Generally, California Labor Code and applicable Wage Orders require employers to provide at least one, thirty-minute meal period to all employees who work at least five hours per day, with a ten-minute rest period provided in the middle of each four-hour work period.  California Labor Code § 226.7 requires an employer to pay an extra hour of penalty pay to an employee if the employee fails to provide a meal period or rest period, as mandated by an applicable Order of the Industrial Welfare Commission.  For any employer who fails to provide a meal period or rest period as required in California, the financial exposure can be significant.

However, in a recent decision in the case of Brinker Restaurant Corporation, et. al. v. Superior Court (July 2, 2008) D049331, the Fourth District Court of Appeals may have dramatically altered an employer’s responsibilities with respect to providing meal periods and break periods.  This State Appellate Court concluded that:

1).  Employers cannot impede, discourage or dissuade employees from taking meal periods or rest periods but;

2).  Employers need only provide, not ensure, that such meal periods or rest periods are taken.

3).  Rest periods need only be authorized every four hours and need not be taken in the middle of each work period where doing so would be impractical.

4). The statutory language of California Labor Code § 512 permits employers to offer a meal period anytime within the five-hour, work period window.

The Appellate Court ruling in “Brinker” is consistent with prior rulings of United States District Courts, for the Central and Northern Districts of California, which held that employers must offer meal periods or rest periods, but are not required to schedule these breaks, nor ensure that employees are actually taking these breaks. ((Federal Cases:  White v. Starbucks Corp. (N.D. Cal. 2007) 497 F.Supp.2d 1080; Brown v. Federal Express Corp. (C.D. Cal. Feb. 26, 2008) 2008 2008 US District Lexus 17125; Kenny v. Supercuts, Inc. (N.D. Cal. June 2, 2008) US District Lexus 43070)).

The effects of Brinker appeared to be immediate.  In response to the Brinker ruling, California’s Labor Commissioner directed all Department of Labor Standards Enforcement staff to apply the Brinker decision to all pending cases.

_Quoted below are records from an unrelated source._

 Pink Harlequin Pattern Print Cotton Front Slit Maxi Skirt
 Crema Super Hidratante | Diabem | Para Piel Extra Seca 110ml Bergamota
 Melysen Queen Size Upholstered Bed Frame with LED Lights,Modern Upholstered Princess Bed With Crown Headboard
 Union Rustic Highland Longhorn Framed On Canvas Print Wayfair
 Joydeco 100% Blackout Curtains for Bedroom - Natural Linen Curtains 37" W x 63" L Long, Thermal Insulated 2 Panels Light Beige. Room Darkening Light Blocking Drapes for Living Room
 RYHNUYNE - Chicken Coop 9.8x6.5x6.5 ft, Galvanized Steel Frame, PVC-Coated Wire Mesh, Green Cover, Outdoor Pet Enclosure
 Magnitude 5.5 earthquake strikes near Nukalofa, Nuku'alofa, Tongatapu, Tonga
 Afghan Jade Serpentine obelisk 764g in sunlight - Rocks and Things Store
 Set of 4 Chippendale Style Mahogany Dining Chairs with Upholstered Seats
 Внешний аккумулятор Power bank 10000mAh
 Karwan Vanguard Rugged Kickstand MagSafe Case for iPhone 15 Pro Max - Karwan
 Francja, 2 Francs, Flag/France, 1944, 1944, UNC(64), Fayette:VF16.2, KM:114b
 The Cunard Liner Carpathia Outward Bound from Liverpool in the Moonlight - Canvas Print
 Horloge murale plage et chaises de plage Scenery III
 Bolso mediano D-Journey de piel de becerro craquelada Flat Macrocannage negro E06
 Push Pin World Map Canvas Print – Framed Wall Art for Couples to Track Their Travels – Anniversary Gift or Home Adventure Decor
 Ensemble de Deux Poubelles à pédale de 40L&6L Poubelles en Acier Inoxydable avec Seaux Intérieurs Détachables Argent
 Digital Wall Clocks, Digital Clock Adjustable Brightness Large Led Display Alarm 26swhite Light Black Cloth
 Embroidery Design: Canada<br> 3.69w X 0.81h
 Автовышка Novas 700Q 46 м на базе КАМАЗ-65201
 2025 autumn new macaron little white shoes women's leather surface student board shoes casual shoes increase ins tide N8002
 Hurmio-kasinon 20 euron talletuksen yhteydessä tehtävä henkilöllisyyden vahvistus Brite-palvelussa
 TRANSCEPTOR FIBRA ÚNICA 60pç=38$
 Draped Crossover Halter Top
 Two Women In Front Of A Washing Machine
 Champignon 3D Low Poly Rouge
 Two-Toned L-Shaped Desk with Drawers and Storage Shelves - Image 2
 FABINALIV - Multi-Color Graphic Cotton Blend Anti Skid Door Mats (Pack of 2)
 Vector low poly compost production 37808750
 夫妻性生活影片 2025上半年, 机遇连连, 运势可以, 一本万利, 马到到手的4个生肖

However, the Brinker ruling is in conflict with a prior Appellate Court decision in the case of Cicairos v. Summit Logistics, Inc. (2006) 133 Cal.App. 4th 949; 35 Cal. Rptr.3d 243. The Appellate Court ruling in Cicairos seeks to saddle employers with the onerous responsibility of ensuring that employees actually take their complete breaks.

It is likely that the California Supreme Court may grant review of the Brinker case.  If that occurs, the Appellate Court’s decision in Brinker would be no longer be a published decision and would, instead, be replaced by the decision of the California Supreme Court.  However, until and unless such review is granted, it appears that a rational, employer-friendly policy has resulted from the Appellate Court’s decision in Brinker.